# Backtest the strategies

Use an LLM to go through and predict the buy/ sell/ hold recommendation for the company for the given date. Steps needed:

1. Load the LLM - use DeepSeek R1 Qwen model at 7B parameters first and try the quantised models next
2. Step through each data and each financial statement to get a result
3. Log the results in a file and save to S3 (will need a logging file to save to S3 and resume in case of kernel crash)
4. Need a backtesting framework to apply the results


## Load libraries needed

In [8]:
import json
import boto3
from s3fs import S3FileSystem
import os

import transformers
from transformers import AutoTokenizer, AutoModelForCausalLM
from huggingface_hub import login
import torch
from accelerate import Accelerator

import pandas as pd

from IPython.display import Markdown, display

from helper import get_s3_folder
import s3_model
import company_data
from s3_model import S3ModelHelper

In [9]:
import importlib
importlib.reload(company_data)

<module 'company_data' from '/project/company_data.py'>

## Load the LLM

Models to test:
- Qwen (Qwen/Qwen2.5-7B-Instruct)
- Llama (meta-llama/Llama-3.2-7B-Instruct)
- DeepSeek (deepseek-ai/DeepSeek-R1-Distill-Qwen-14B)

In [10]:
# Log into Huggingface

with open('pass.txt') as p:
    hf_login = p.read()
    
hf_login = hf_login[hf_login.find('=')+1:hf_login.find('\n')]
login(hf_login, add_to_git_credential=False)

In [10]:
c = s3_model.S3ModelHelper(s3_sub_folder='tmp/fs')
c.clear_folder('deepseek')

In [11]:
# Flag to download from Huggingface again or use stored model
USE_HF = False

model_id = "deepseek-ai/DeepSeek-R1-Distill-Qwen-14B"
model_id_s3 = 'deepseek'


if USE_HF:
   
    pipeline = transformers.pipeline(
        "text-generation",
        model=model_id,
        model_kwargs={"torch_dtype": torch.bfloat16},
        device_map="auto",
    )

    model = AutoModelForCausalLM.from_pretrained(model_id, device_map='auto', torch_dtype=torch.bfloat16 )
    tokenizer = AutoTokenizer.from_pretrained(model_id)
else:
    model_helper = s3_model.S3ModelHelper(s3_sub_folder='tmp/fs')
    model = model_helper.load_model(model_id_s3)
    tokenizer = AutoTokenizer.from_pretrained(model_id)

    pipeline = transformers.pipeline(
        "text-generation",
        model=model,
        tokenizer=tokenizer,
        model_kwargs={"torch_dtype": torch.bfloat16},
        device_map="auto",
    )
    model_helper.clear_folder(model_id_s3)
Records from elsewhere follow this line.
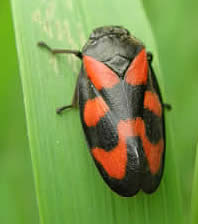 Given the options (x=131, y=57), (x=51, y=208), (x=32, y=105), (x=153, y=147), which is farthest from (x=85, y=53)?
(x=51, y=208)

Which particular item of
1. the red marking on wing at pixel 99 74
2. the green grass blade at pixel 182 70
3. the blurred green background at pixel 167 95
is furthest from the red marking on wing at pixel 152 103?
the green grass blade at pixel 182 70

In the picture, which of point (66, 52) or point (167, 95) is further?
point (167, 95)

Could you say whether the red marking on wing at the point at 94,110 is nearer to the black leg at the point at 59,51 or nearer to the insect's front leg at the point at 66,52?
the insect's front leg at the point at 66,52

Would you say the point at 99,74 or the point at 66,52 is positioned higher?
the point at 66,52

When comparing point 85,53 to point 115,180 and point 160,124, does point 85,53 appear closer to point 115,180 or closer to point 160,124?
point 160,124

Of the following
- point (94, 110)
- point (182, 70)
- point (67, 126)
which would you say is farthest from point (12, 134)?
point (182, 70)

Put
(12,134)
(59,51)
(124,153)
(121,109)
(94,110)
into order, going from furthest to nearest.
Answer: (12,134)
(59,51)
(94,110)
(121,109)
(124,153)

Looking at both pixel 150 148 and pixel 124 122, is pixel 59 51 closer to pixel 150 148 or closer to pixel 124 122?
pixel 124 122

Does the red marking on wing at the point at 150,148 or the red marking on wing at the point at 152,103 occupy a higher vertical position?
the red marking on wing at the point at 152,103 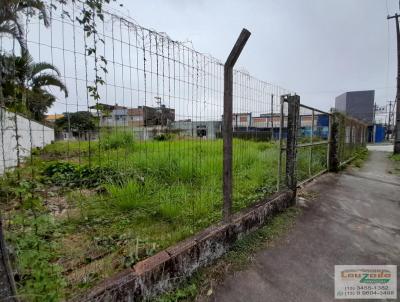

Loading checkpoint shards:   0%|          | 0/6 [00:00<?, ?it/s]

Device set to use cuda:0


## Load Financial PIT dataset

In [3]:
## Load from S3 using the helper file
sec_helper = company_data.SecurityData('tmp/fs','data_quarterly_pit.json')
all_data = sec_helper.get_all_data()

In [65]:
# USE WHILE DEVELOPING to
importlib.reload(company_data)
sec_helper = company_data.SecurityData('tmp/fs','data_quarterly_pit.json', all_data)

In [66]:
sec_helper.get_security_statement('2020-01-31','AON UN Equity','px')

Unnamed: 0_level_0,Price
Date,Unnamed: 1_level_1
2019-01-31,100.83
2019-02-28,101.25
2019-03-31,103.69
2019-04-30,118.13
2019-05-31,124.87
2019-06-30,127.68
2019-07-31,127.12
2019-08-31,129.44
2019-09-30,124.43
2019-10-31,125.22


In [5]:
system_prompt = "You are a financial analyst and must make a buy, sell or hold decision on a company based only on the provided datasets. \
        Compute common financial ratios and then determine the buy sell decision. Explain your reasons and answer in a format that compiles to a JSON object.\
        Answer as a JSON string with the following example format: \
        {'Investment Decision': BUY, 'Reason': 'Gross profit and EPS have both increased over time'}"


In [6]:
prompt = sec_helper.get_prompt('2020-01-31','AON UN Equity', system_prompt)

## Run an example in LLM

Run into out of memory problem - Potential fixes:
1. reduce size of model (quantize)
2. explore multi-gpu
3. reduce tokens

https://saturncloud.io/blog/how-to-solve-cuda-out-of-memory-error-in-pytorch/

https://huggingface.co/docs/accelerate/usage_guides/distributed_inference

https://medium.com/@geronimo7/llms-multi-gpu-inference-with-accelerate-5a8333e4c5db

Problem with splitting a single prompt into multiple gpus to calculate the result. Tensor parallelism - https://huggingface.co/docs/transformers/main/en/perf_train_gpu_many#tensor-parallelism

nvidia-smi will show available GPUs on the system.

In [76]:
accelerator = Accelerator()

In [77]:
a_model = accelerator.prepare(model)

In [72]:
formatted_chat = tokenizer.apply_chat_template(prompt, tokenize=False, add_generation_prompt=True)
outputs = pipeline(
    prompt,
    max_new_tokens=200,
)

test_output = outputs[0]['generated_text'][-1]
display(Markdown(test_output['content']))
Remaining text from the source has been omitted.